Isso incluiria não apenas estados com dificuldades financeiras que estão no Regime de Recuperação Fiscal, mas também aqueles que renegociaram suas dívidas com base em leis anteriores, atingindo 25 dos 27 estados da federação, incluindo São Paulo e estados do Nordeste.
Essa interpretação foi confirmada em decisão do ministro Gilmar Mendes, do Supremo Tribunal Federal (STF), em setembro.
Em ação do estado do Ceará questionando a necessidade do limite de gastos para aderir ao programa, o ministro disse que a lei do Propag exige contrapartidas para qualquer tipo de postergação, suspensão ou redução extraordinária de dívidas.
Apesar de já ter vencido batalhas judiciais contra estados, o governo federal optou por flexibilizar essa exigência, contrariando técnicos das áreas econômica e jurídica do Executivo.

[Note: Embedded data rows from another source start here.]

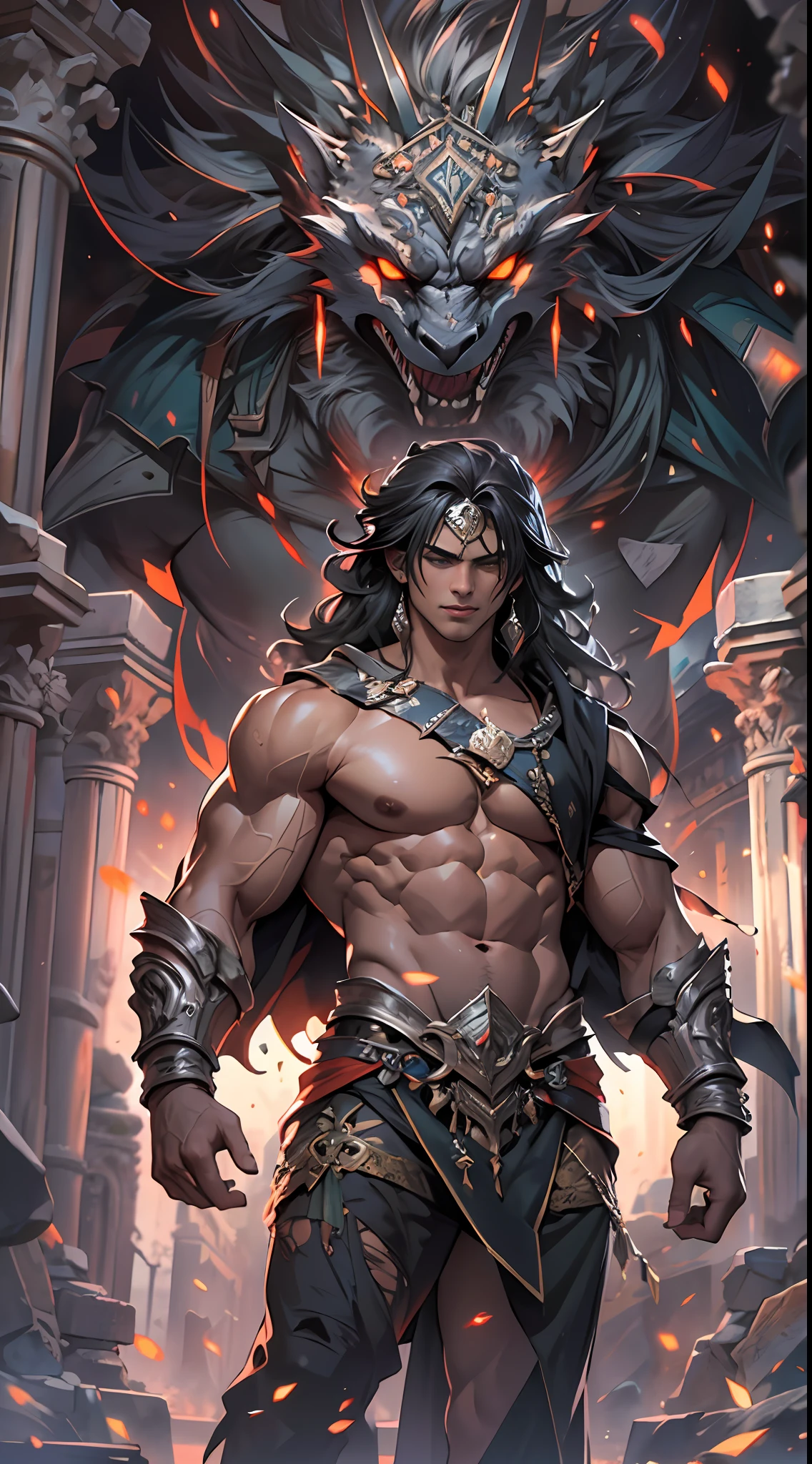 Ripped hero, shirtless upper body, legs revealed from thighs to feet, cascading long curls, intricate muscular details, photorealistic artwork, 4K resolution. Background: Mystic ancient ruins with glowing symbols,32k uhd, best quality, masterpiece, super detail, high details
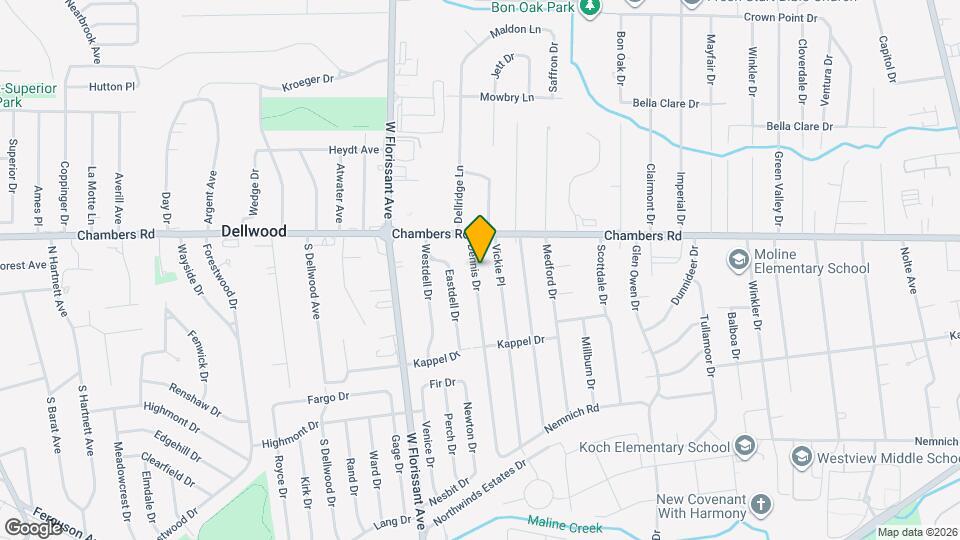 9854 Dennis Dr Map and Location Details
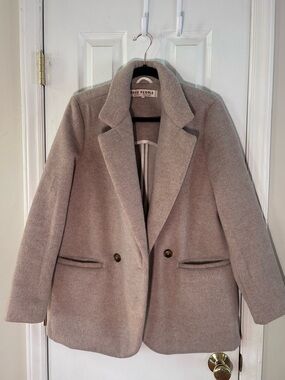 Free People Taupe Double-Breasted Blazer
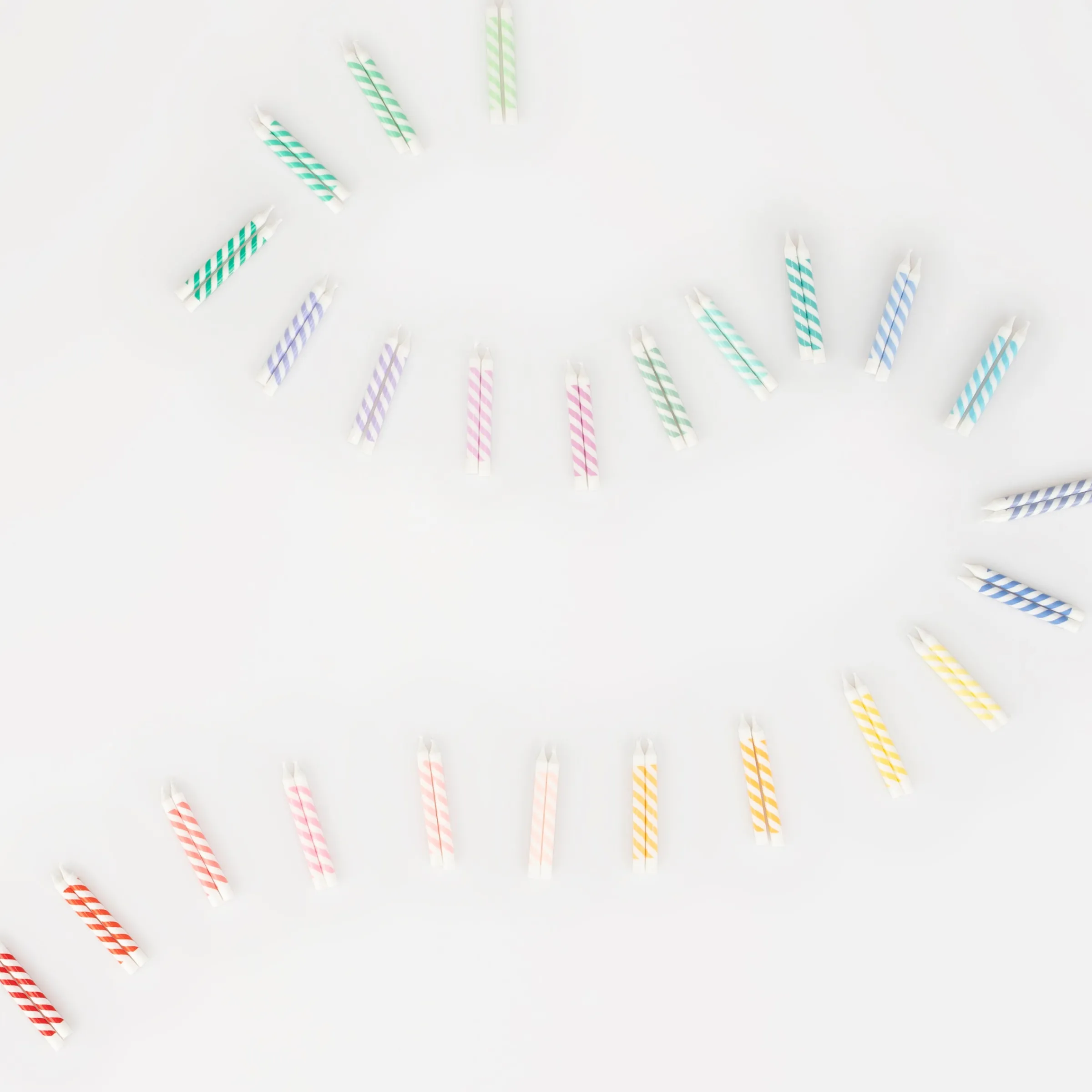 Rainbow Striped Mini Candles (x 50)>Meri Meri Online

Após o decreto, o governo sofreu ainda uma derrota no Congresso Nacional, que afrouxou mais as regras do Propag.
Parlamentares restabeleceram o uso do Fundo Nacional de Desenvolvimento Regional (FNDR), criado na reforma tributária, para abater parte das dívidas com a União.
Estados que conseguem abater 20% das dívidas têm acesso a condições mais favoráveis, como redução de juros a zero e menor pagamento ao Fundo de Equalização Federativa — o que gera maior alívio financeiro.
Esse benefício era importante para o Rio de Janeiro, que tem poucos ativos para entregar em troca da redução da dívida, mas São Paulo também demonstrou interesse em usar o FNDR para obter melhores condições no Propag.
O secretário de Fazenda de São Paulo, Samuel Kinoshita, declarou que o Propag possui mecanismos que podem ajudar a equilibrar obrigações e créditos, mencionando a possibilidade de um “adequado encontro de contas”.
Ele não confirmou se São Paulo irá aderir ao programa, mas indicou que o estado está analisando tecnicamente essa possibilidade.
Segundo Kinoshita, os efeitos esperados são importantes para a sustentabilidade fiscal a médio prazo, mas evitou estimar valores, que dependerão das escolhas da administração paulista.